Üstü çiçeksiz
"Şüphe yok ki Ermeni şivesiyle patlıcan tavası, fakat İstanbullu Türk ağzıyla patlıcan kızartması dediğimiz lezzetli yemek, yine edebi tabirle 'sehli mümteni'dir (kolay ve sade göründüğü halde yapılması güç). Lakin sıcak sıcak, diri diri yenilirse... Öyle lokantalarda adet olduğu üzere, saatlerce evvel tavadan alınmış, tabakta ve camekanda pörsümüş, ölmüş olanının ne tadına, ne yoğurt sürülmüş buruşuk, gevşemiş kocakarı yüzüne bakarım. Tavadan çıkar çıkmaz, kızgın yağ henüz cildinin üzerinde habbelenir ve fışırdarken yenilirse, zaten yoğurda ihtiyacı yoktur. Kendine has, yarı mantar, yarı dana külbastısı o güzel kokusunu ve lezzetini yoğurtla bozmak, sarımsakla kapatmak reva mıdır? Külde pişmiş patlıcanı şu tarzda yerim: Ateşten, olduğu gibi kabuğiyle önüme getirirler; bıçakla ortasından boylu boyuna yarar, sırtı alta gelmek şartiyle tabağa bütün heybetiyle sererim; üzerine tuz, karabiber ve zeytinyağı... İşte güzel, ılık, çeşnili, iştah verici dumanı, buğuyu o zaman görünüz!"

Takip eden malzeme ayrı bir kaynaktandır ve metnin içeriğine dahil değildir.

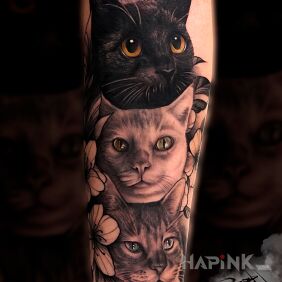 Tattoo Cats on the forearm motif: animals style: realistic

"Beyoğlu'ndaki Balıkpazarı'nın birkaç yerinde cilalı mermer tezgahlar ve yalaklar üzerine dizilmiş barbunyalara bakarken, memnuniyetlerini gözlerinden okurum: Oh derim, bunlar nasılsa layık oldukları mevkii alabilmişler.. Balıkları çürümüş sepetlerle çinko yalaklara koymaklığımız ve paslı çengellere asmaklığımız doğru değildir. Taze bir kalkan balığı, bence, o misilsiz eti şerefine antika masa saatleri gibi cam kavanozlara konmağa, yahut Holivut yıldızıymış gibi yatağına krep jorjetten bir cibinlik takılmaya layıktır.. Taze balık kokusu.. Bu, o kadar güzel, iştah açıcı, kuvvet kamçılayıcı, enerji hayat arzusu verici bir orijinal rayihadır ki, henüz bir parföm şişesinde niçin yer almamıştır, şaşarım.."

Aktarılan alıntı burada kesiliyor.